::: DATA PROVIDED
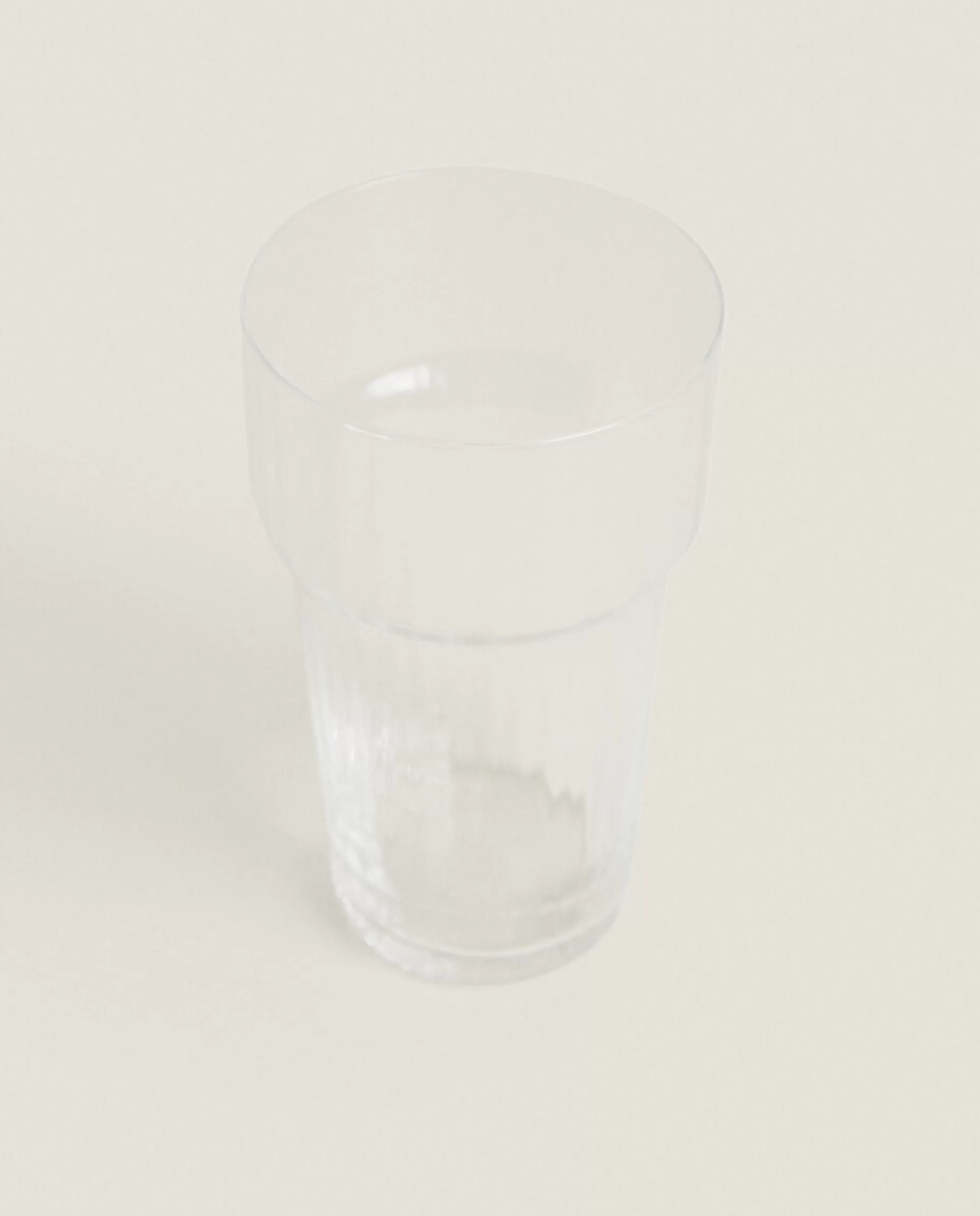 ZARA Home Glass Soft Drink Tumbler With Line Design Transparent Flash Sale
::::::
::: DATA PROVIDED
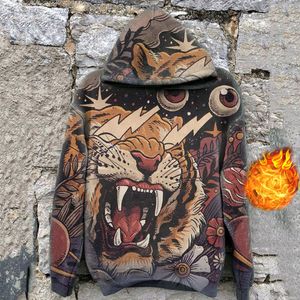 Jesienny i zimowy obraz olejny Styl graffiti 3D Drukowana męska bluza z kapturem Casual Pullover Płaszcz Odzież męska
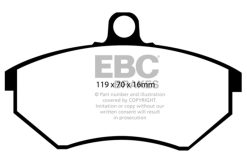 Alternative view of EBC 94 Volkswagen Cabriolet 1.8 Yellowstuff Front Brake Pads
::::::
Using the data above, set down each line from the line with "Jesienny i zimowy" to the line with "Alternative view of" exactly, both ends included, and leave the pictures behind. Nothing else belongs.

 Jesienny i zimowy obraz olejny Styl graffiti 3D Drukowana męska bluza z kapturem Casual Pullover Płaszcz Odzież męska
 Alternative view of EBC 94 Volkswagen Cabriolet 1.8 Yellowstuff Front Brake Pads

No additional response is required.